A £600 million plan to fight fraud in the welfare system will introduce a range of new powers and boost the counter-fraud frontline, saving the taxpayer £2 billion over three years.
Announced by Work and Pensions Secretary Thérèse Coffey today, the “Fighting Fraud in the Welfare System” plan outlines how 2,000 trained specialists will review over two million Universal Credit claims over the next five years, as part of bolstered ambitions to ensure money is well spent and give taxpayers confidence that funds are reaching those who need it.
Measures also include several new powers which will align DWP with other government departments including HMRC.
The new plan sets out how DWP officers will be given powers to undertake arrests, execute warrants, conduct searches and seize evidence – all increasing their ability to tackle the most serious cases. The plan also proposes introducing a new civil penalty to ensure those who commit fraud face adequate punishment.
Additionally, the measures include the power to require organisations, such as banks, to securely share data on a larger scale. Currently, the DWP can only request data on identifiable individuals. This change will allow DWP to proactively identify potentially fraudulent claims – for example knowing if claimants have too much in savings or are living abroad which would make them ineligible for Universal Credit.
Further powers will improve the department’s access to information from a wider range of organisations, growing the department’s ability to drive fraud out of the benefit system.
Work and Pensions Secretary, Thérèse Coffey said:
The welfare system is there to help the most vulnerable. It is not a cash machine for callous criminals and it’s vital that the government ensures money is well spent.
Fraud is an ever-present threat and before the pandemic, our efforts brought fraud and error close to record lows.
This plan outlines what we need to fight fraud in 2022 and into the future. Thousands of trained specialists, combined with targeted new tools and powers, will mean we can keep up with fraud in today’s digital age and prevent, detect and deter those who would try to cheat the system.
Minister for Government Efficiency, Jacob Rees-Mogg said:
Taxpayers must have confidence that money spent on welfare reaches those who really need it.
This plan builds on the announcement of the new Public Sector Fraud Authority, which will use data analytics to recover money stolen from the taxpayer.
The new powers will be granted by parliament, subject to securing time and approval.
The DWP brought fraud and error close to near record lows before the pandemic, rolling out Universal Credit across the country. In recent years, fraudsters have exploited the system as DWP streamlined the processes for people to receive support as part of the government’s emergency support during the pandemic.
In response to this fraudulent activity, the department undertook expert interventions to identify and stop abuse of the welfare system preventing billions from ending up in the wrong hands, through the disruption of stolen identity fraud, retrospective reviews of claims and the introduction of the Enhanced Checking Service.
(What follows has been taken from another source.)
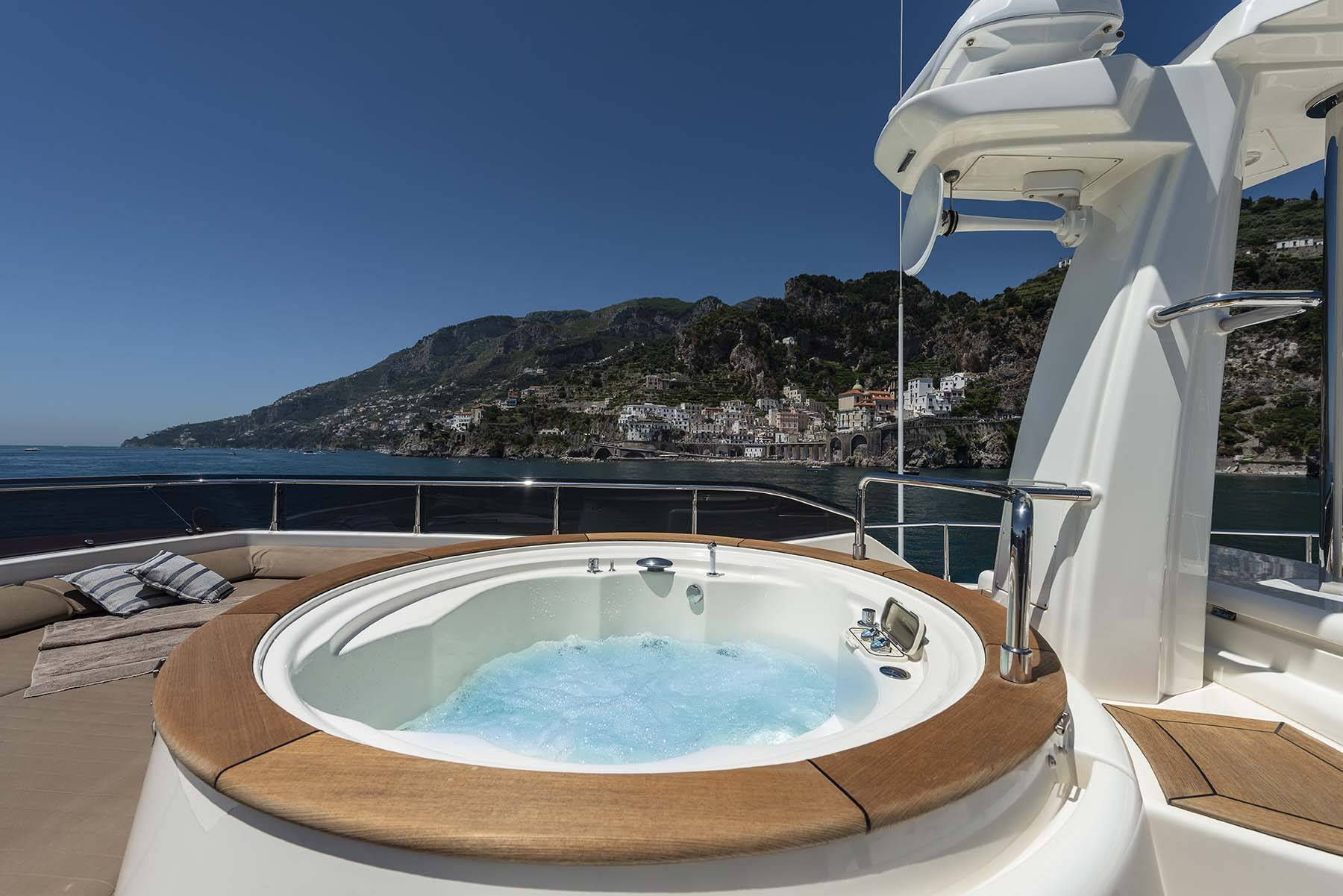 2.1 Sundeck jacuzzi.jpg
Other measures announced today include creating the Fraud Prevention Advisory Group to bring together government and external experts to identify and develop innovative ways to crack down on fraudsters, including through more flexible and proactive use of data. This comes as part of the government’s wider commitment to cut crime and give people confidence that the welfare support system is functioning as efficiently as possible to support those who need it.